Data management pillars
Data projects all start with data discovery. There is always a need to know where your data is and in what systems it lies. After this, there is typically a stage of data integration, where you need to bring multiple data sources together into a unified or connected set of data. During this phase, you need to make sure that you are not putting too much pressure on the source systems, but at the same time would like the data available to the business as soon as possible. Choosing an integration style or pattern can be complex, but there are many choices that you have - whether that is streaming, batch, CDC or others.
After this integration has been done, often the next step is to normalise, standardise, harmonise and clean the data so that it can be processed by machines in a uniform, consistent and high-fidelity manner. While this is occurring, you need to make sure you have control over the data by ensuring there is a clear owner, responsible for its maintenance. This leads into the need for full traceabilty and audit trail of where this data is coming from, what is happening to it in this process of preparation and where it is being used. With privacy being a mandated concern, you also need to make sure you have control over personal data and how it is used within the business. Finally, this data needs to be easily and readily available for the business to consume to fuel it operational needs.
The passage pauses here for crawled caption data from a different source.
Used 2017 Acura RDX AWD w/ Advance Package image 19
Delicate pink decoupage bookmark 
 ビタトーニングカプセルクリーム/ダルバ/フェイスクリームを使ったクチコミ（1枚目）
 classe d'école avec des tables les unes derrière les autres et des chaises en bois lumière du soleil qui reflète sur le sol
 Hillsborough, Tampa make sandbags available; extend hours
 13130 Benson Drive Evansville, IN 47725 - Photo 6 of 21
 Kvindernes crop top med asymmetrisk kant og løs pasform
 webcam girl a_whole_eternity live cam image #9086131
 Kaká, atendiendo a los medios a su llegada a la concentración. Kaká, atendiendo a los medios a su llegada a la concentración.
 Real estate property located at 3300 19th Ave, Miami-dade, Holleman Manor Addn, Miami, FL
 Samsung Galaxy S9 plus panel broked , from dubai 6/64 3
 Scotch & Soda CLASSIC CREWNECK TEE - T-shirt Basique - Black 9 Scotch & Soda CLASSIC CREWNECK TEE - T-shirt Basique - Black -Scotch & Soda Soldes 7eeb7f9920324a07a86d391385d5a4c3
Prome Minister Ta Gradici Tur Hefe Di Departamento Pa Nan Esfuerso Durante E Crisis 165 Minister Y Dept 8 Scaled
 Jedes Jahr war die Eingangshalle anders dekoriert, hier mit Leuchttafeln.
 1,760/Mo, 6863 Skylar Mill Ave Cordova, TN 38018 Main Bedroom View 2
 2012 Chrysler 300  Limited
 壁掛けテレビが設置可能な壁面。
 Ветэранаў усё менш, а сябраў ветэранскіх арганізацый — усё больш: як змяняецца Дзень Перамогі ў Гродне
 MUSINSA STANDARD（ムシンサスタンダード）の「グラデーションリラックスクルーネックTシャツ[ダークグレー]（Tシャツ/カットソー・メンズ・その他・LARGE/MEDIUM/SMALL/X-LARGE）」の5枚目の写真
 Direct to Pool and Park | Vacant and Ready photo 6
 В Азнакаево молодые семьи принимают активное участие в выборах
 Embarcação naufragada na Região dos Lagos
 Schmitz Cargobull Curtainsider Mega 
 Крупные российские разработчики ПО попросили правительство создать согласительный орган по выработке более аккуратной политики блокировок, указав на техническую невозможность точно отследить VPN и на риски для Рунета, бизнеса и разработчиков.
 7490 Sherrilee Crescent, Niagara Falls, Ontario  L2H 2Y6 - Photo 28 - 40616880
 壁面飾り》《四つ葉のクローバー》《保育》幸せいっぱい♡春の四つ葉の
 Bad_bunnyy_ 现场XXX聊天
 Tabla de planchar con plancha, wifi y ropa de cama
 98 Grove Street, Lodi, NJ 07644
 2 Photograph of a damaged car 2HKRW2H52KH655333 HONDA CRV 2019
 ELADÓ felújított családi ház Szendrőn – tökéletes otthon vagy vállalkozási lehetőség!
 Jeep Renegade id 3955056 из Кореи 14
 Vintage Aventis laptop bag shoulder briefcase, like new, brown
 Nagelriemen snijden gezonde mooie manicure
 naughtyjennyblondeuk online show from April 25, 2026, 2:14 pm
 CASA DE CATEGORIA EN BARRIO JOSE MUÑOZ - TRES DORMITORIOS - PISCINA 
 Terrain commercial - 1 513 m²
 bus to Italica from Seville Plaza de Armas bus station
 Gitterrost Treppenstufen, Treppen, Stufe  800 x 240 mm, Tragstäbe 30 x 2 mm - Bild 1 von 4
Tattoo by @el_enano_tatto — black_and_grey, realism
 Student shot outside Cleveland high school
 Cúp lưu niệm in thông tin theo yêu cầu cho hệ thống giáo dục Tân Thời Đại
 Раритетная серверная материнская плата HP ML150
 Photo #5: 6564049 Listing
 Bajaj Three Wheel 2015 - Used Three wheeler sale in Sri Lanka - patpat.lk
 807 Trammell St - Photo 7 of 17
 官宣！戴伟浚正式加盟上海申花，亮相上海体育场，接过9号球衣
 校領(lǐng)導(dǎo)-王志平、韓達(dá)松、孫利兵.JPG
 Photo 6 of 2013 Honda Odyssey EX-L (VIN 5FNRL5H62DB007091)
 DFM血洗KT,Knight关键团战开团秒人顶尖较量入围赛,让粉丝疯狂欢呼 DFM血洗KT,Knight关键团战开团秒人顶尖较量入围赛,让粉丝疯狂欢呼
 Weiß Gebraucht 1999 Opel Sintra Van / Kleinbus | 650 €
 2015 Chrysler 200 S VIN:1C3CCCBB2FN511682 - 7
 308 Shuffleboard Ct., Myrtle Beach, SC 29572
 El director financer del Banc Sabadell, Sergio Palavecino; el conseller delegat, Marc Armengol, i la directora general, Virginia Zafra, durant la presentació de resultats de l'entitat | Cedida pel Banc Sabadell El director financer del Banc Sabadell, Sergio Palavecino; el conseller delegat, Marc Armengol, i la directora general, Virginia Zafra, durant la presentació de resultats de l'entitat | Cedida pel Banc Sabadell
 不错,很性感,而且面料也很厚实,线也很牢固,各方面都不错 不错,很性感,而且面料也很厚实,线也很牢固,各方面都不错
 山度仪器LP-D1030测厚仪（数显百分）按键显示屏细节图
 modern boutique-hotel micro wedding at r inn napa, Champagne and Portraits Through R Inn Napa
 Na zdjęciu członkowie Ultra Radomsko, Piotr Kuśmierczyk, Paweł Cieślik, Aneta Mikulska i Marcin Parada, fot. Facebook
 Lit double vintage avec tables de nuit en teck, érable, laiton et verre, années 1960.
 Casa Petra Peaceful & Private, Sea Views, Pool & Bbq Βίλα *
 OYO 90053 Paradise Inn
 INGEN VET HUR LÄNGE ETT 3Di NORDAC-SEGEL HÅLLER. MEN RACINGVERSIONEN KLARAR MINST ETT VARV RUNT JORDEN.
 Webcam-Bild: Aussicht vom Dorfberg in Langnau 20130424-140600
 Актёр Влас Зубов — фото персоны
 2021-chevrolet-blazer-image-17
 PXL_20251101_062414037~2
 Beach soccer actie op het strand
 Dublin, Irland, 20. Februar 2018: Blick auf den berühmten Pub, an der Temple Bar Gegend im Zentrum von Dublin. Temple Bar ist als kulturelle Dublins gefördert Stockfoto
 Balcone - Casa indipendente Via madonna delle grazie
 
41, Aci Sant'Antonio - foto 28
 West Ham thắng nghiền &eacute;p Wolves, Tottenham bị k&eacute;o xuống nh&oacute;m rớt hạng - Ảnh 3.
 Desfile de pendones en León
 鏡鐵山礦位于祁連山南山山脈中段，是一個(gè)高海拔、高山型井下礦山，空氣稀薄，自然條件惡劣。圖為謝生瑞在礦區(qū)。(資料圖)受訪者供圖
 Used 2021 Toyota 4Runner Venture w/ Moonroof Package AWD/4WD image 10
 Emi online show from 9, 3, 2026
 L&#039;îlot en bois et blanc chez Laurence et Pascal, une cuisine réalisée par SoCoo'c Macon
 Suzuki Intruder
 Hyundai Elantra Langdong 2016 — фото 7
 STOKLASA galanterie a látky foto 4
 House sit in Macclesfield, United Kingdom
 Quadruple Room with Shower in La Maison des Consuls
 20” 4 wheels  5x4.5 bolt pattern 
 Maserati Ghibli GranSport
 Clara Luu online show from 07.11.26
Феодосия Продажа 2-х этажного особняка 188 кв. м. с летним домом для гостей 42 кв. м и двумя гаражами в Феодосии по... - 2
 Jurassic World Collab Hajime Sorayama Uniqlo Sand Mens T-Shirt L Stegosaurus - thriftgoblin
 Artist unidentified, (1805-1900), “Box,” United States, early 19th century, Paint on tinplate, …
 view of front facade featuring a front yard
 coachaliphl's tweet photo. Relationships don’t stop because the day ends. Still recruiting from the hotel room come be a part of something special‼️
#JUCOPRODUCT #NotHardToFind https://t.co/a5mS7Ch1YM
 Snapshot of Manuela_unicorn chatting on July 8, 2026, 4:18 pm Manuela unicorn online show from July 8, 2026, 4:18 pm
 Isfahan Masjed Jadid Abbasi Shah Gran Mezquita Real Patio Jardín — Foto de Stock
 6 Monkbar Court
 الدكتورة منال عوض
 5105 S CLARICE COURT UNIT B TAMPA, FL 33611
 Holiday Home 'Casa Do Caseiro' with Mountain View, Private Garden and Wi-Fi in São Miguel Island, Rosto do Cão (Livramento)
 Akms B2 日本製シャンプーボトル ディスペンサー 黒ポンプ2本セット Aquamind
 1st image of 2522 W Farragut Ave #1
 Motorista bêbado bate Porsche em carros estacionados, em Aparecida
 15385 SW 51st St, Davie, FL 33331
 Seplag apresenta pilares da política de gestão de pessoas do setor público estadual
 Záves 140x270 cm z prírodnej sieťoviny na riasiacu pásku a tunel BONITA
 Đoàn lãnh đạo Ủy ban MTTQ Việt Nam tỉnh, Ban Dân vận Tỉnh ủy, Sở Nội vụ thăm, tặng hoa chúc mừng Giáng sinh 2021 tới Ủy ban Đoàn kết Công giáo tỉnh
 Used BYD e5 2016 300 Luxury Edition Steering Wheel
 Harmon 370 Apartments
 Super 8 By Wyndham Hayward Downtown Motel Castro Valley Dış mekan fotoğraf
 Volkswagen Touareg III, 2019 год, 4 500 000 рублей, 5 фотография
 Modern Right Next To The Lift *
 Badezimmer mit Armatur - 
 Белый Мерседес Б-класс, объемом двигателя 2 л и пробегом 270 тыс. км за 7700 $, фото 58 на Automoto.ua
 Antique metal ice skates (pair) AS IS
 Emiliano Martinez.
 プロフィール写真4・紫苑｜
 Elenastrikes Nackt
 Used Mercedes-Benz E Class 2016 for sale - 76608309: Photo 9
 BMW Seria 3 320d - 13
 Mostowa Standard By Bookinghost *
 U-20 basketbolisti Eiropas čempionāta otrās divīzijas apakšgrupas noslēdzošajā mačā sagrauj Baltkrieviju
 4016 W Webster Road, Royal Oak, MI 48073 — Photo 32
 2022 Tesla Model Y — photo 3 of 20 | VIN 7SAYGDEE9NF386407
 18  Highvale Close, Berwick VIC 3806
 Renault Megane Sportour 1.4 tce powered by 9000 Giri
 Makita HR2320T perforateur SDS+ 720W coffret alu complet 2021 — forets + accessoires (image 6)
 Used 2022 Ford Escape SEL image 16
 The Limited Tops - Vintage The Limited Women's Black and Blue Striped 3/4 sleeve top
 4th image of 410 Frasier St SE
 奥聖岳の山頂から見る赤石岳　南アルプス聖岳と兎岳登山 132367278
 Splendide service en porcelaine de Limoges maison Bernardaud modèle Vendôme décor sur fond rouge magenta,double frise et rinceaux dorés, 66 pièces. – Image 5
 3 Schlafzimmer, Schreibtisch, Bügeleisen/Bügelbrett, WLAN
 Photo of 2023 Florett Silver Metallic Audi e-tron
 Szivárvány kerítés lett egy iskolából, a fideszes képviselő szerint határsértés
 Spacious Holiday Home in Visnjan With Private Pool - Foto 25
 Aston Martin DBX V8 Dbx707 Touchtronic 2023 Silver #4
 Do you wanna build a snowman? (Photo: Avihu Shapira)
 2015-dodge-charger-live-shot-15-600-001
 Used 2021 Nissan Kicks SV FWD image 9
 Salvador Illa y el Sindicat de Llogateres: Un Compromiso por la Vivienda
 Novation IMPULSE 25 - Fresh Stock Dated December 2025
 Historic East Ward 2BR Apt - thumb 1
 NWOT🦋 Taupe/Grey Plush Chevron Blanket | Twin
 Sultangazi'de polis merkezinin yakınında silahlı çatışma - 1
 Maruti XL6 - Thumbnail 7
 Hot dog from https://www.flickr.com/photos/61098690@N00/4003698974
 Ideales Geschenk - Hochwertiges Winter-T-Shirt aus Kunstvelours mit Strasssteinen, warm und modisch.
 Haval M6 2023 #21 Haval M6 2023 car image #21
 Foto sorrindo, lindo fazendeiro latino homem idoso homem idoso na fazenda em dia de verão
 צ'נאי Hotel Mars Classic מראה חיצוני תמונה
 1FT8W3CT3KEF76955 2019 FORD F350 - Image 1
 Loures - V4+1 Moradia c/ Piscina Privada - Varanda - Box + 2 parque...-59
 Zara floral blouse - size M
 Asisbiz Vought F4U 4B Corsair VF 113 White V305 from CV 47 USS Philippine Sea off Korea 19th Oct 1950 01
Whether your use case is Machine Learning or Business Intelligence, you will need to apply these same core pillars of data management detailed above. You might have extra steps in each use case, but these pillars above are at least the common pillars for any use-case involving data. CluedIn is this layer of foundation that encapsulates everything we mentioned above into a coherent, consistent end to end data fabric of source to target data processing.
What you get in the end can be described well in this demonstration video.
Why did we create CluedIn?
The reason why CluedIn exists, is because our team saw project after project failing, because large enterprises were buying platforms that tackled each part of the journey - but failed in stitching these different pillars together into a platform. CluedIn was born with the stitching, meaning that our different pillars were designed to work well with each other - in fact, they really complement each other.
Our documentation will help you understand more about the different components of CluedIn and how it all fits together. This will give you the insights you need to work with and extend the platform with your own needs. CluedIn is designed to be extended and hence we offer easy and intuitive ways to inject your own functionality or to make our data available to other services to do what they do best.
At a high level, you can conceptualise CluedIn as a streaming platform. We essential handle the constant flow of data and are designed to work in environments where systems don’t stand still and data is never static.
CluedIn is an application that runs in Docker containers and uses Kubernetes as the way to host and orchestrate the different pieces of the application. Because of this, CluedIn is designed to work well in elastic environments and can automatically scale to the sizes and infrastructure you need to handle your data workloads. CluedIn runs large customers with 100’s of TB’s of data, and smaller customers with just a few TB’s. Whether you have TB’s of PB’s of data to process - CluedIn can and will process your workloads.
It is important to mention that CluedIn is a persistence layer. Unlike Data Virtualisation, CluedIn ingests parts of your source data into its platform. You have full control over what parts of your source data are ingested. The goal of CluedIn is to create the highest fidelity version of your data you will have in your business. This is not only the data itself, but the structure of the data as well. With CluedIn having the highest fidelity version of your data, it means that any business request for data, in any format, in any modelling can be served out of the CluedIn Data Fabric. This will allow you to project data out exactly how the target systems would like as we contain the highest fidelity version of it.
We hope you enjoy and get value out of your CluedIn solution.